A friend of mine related a story to me recently. He was competing in a pub quiz, and his team was ahead as they moved into the penultimate round. In this round, they were given series of numbers, the object being to state the three that would follow next in sequence. The first few were easy (at least, assuming you were mathematically inclined):

0, 1, 1, 2, 3, 5, 8

The answer to which was: 13, 21, 34. Or another:

1, 7, 10, 13, 19, 23, 28

The answer to which was: 31, 32, 44 (those who had to look up “happy numbers” after an episode of Doctor Who last year had an edge in this one).

As I said, these they found (relatively) easy. Where they were stumped was the following sequence:

8, 5, 4, 9, 1, 7, 6

After the allotted time, no one on this team (which included at least a couple of university professors) had the answer, and they had to concede. A few days later, my friend, now knowing the answer himself, put the question to his nieces and nephew, none of whom is over twelve. They looked and looked at the numbers, but they couldn’t come up with the solution. So my friend gave them a hint. “The answer,” he said, “needn’t have anything to do with numbers.”

“Aha!” said one of his nieces after a moment or two. “I know. It’s 3, 2, 0.” And, of course, she was right. That is, there was a bit of translation required, from one system of thought (in this case, numerical order) to another system of thought (in this case, alphabetical order). Perhaps more importantly there was a willingness to engage that translation.
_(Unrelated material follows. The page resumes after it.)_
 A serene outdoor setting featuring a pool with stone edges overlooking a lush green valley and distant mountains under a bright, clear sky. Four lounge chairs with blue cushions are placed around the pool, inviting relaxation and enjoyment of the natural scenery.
It’s just this capacity for lateral thinking, my friend and I agreed, that sets most children apart from most adults.

And it’s a similar sort of edgewise thinking that sets the work of Michel Gondry—whose most recent film, Be Kind Rewind, appeared in theaters in February of this year—apart from that of other directors. To take a charming example, Gondry introduces the Director’s Label DVD (which he co-created with Spike Jonze and Chris Cunningham) of his music videos and short films in an easter egg: standing at a table in front of a small audience, he recounts his (lack of) acceptance speech for an award he has won. “I was very stiff,” he explains, “and I couldn’t say a word so I walked away.” At which point off he walks, revealing what we have taken to be the wooden legs of the table to be his own legs, and what we have taken to be his jean-clad legs to be in fact the legs of the table. This bait-and-switch is admittedly a minor case in point, but it neatly sums up Gondry’s affinity for visual trickery—an affinity that is less a handy gimmick than a statement of aesthetic, and even philosophical, purpose.
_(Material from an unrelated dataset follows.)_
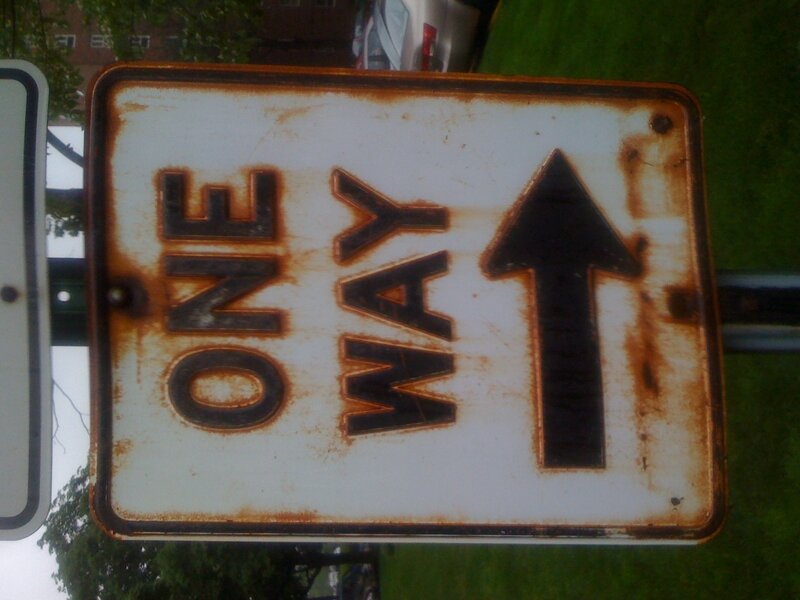 Rusty one way sign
Allow me to elaborate. It isn’t incredibly often nowadays that we could find ourselves asking of a film, “How? How the hell did they do that?” Computer graphics have largely taken over from earlier forms of cinematic sleight of hand, so the answer—even for special-effects masterpieces like The Lord of the Rings trilogy or Pixar’s better efforts, we can safely assume that the visuals are the result of digital animation rather than, say, stop-motion photography or hand-drawn cartooning. Not that computers necessarily remove labor or make the process of rendering imagination less onerous; what CGI has done away with, rather, is our need (and often our desire) to ask “How?” at all. For Gondry, “How?” is the key question, and his efforts mark not so much a throwback to an earlier age of film-making as a bending of and riffing on the old tricks. As viewers we are encouraged to undo the work before us, to pick apart its filaments, to hold it to the light, to wonder at both its simple beauty and at its ability to be woven up into something far more complex.
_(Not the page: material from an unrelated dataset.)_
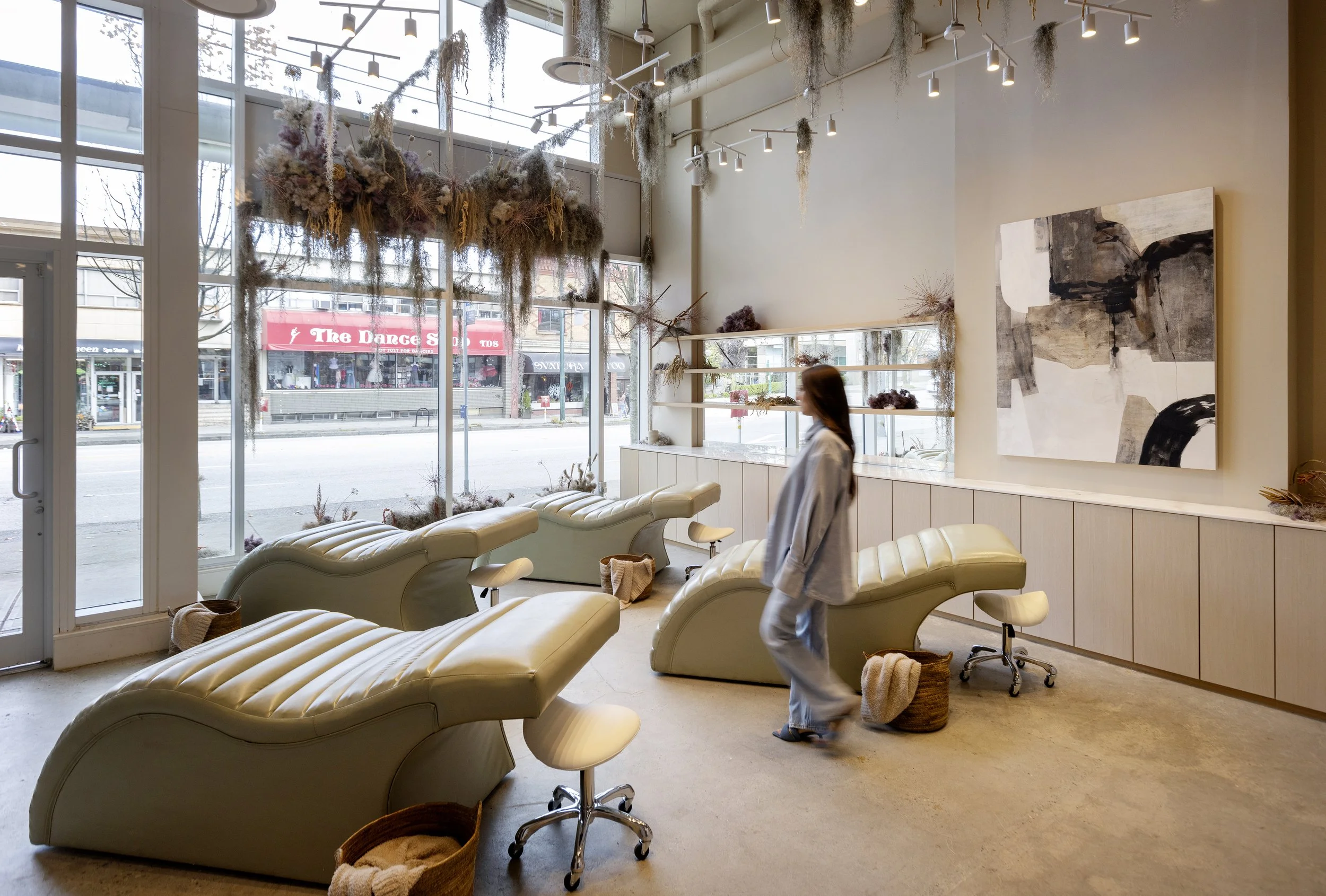 The photo shows the inside of a modern salon or waiting area with cream-colored leather chairs, a large window, wall art, and decorative dried plants hanging from the ceiling.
Many viewers, and many critics, for that matter, when dealing with Gondry’s work get caught up instead with the question of “Why?” Why are we seeing this here? Why doesn’t there seem to be any clear message? Why isn’t there a plot? Anthony Lane’s oddly vicious review of Be Kind Rewind—he ends by writing: “Be kind. Erase.”—in a recent New Yorker is a case in point. In this film, buddies Mike (played genially by Mos Def) and Jerry (played maniacally by Jack Black) recreate a number of movies themselves after a freak accident erases all the videos at the store Mike has been charged with tending. Naturally the conceit of home videos is difficult to push across, particularly when a large chunk of Gondry’s audience might well never have heard of VHS, and here Lane makes what he considers “the most basic of objections: how many video-only stores do you know?” It is this sort of attention to common sense that Lane finds lacking here, and as a result, he argues, the film is “torn between the claims of nostalgia and a desperate bid to seduce the You-Tube generation.”

Similarly, in an otherwise even-handed review of Gondry’s 2004 Eternal Sunshine of the Spotless Mind, Lane decries “the more prosaic rifts opening up in the picture’s credibility.” A lover wishing to scrub her mind of the memories of a soured relationship we can buy (Lane argues); when, in retribution, her erstwhile partner follows suit, limits are being stretched. Furthermore, wonders Lane, “is it only those well versed in the neural sciences who will find something overcooked in the notion that Joel and Clementine might change their minds in mid-wipe and beg, with wounded cries, to be left with a handful of details by which to remember their love? Aren’t they supposed to be asleep during all this?”

Such are the wrong sorts of questions to be asking. (To be fair, Lane was not alone in his befuddlement; I call him out because I generally admire his criticism.) Indeed they seem to me a failure to grasp something fundamental not only about these films in and of themselves but about Gondry’s work as a whole. It is not so much a matter of the suspension of disbelief as it is of finding the right question to ask. Asking Gondry’s films to attend to common sense is like asking a statistician to discourse on how seventeenth-century theater stages influenced the settings of the plays of John Webster: it wouldn’t be outside the realm of possibility for either Gondry or the statistician to assent, and locally each could work through some ideas, but on the whole you would be asking the wrong sort of favor of a person whose talents ultimately lie elsewhere.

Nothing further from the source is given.